Dean e Zack, sentados nas poltronas do quarto de hospital, interromperam a discussão quando Luke se mexeu. Em menos de um segundo, os dois já estavam debruçados sobre ele.
- Dean. - Foi a primeira palavra que Luke disse, fazendo com que o amigo se agarrasse à barra da cama com força e piscasse depressa para disfarçar a ardência nos olhos. De jeito nenhum ele deixaria Zack o ver chorar.
- Oi, Luke? - ele disse, a voz embargada. - Tô aqui com você. Pode falar.
Luke abriu os olhos e encarou o rosto emocionado do amigo.
- Só para constar, a sua cabeça sempre vai ser mais dura que a minha.
Luke abriu um sorriso fraco diante da expressão de trouxa de Dean. Ah, aquilo era tão satisfatório...
- Seu babaca - o adolescente loiro xingou, fungando depressa e passando o polegar pela bochecha. - Há quanto tempo está se divertindo com o nosso sofrimento?
- Alguns minutos - Luke confessou, a voz arrastada. - É difícil falar.
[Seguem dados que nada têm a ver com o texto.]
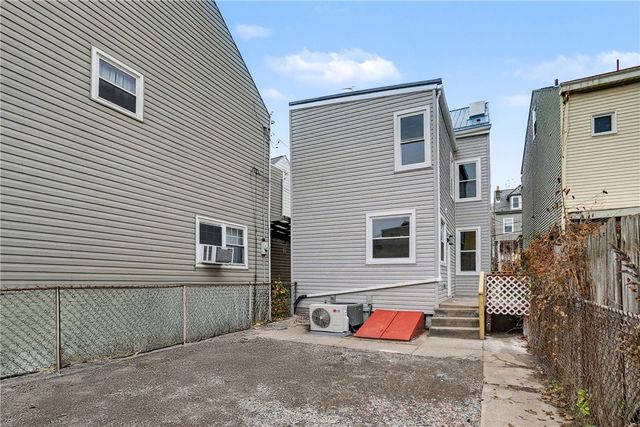 4562 Carroll, Bloomfield, PA 15224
Estava tentando fisgar informações.
Dean estreitou os olhos para o melhor amigo.
- Assim que você ficar melhor, eu vou te matar.
- Vai ter que entrar na fila. Logo depois dos meus pais. - Luke tentou se erguer na cama de hospital, mas tinham tantos malditos fios conectados a ele que desistiu e caiu sobre os travesseiros macios. - O que aconteceu?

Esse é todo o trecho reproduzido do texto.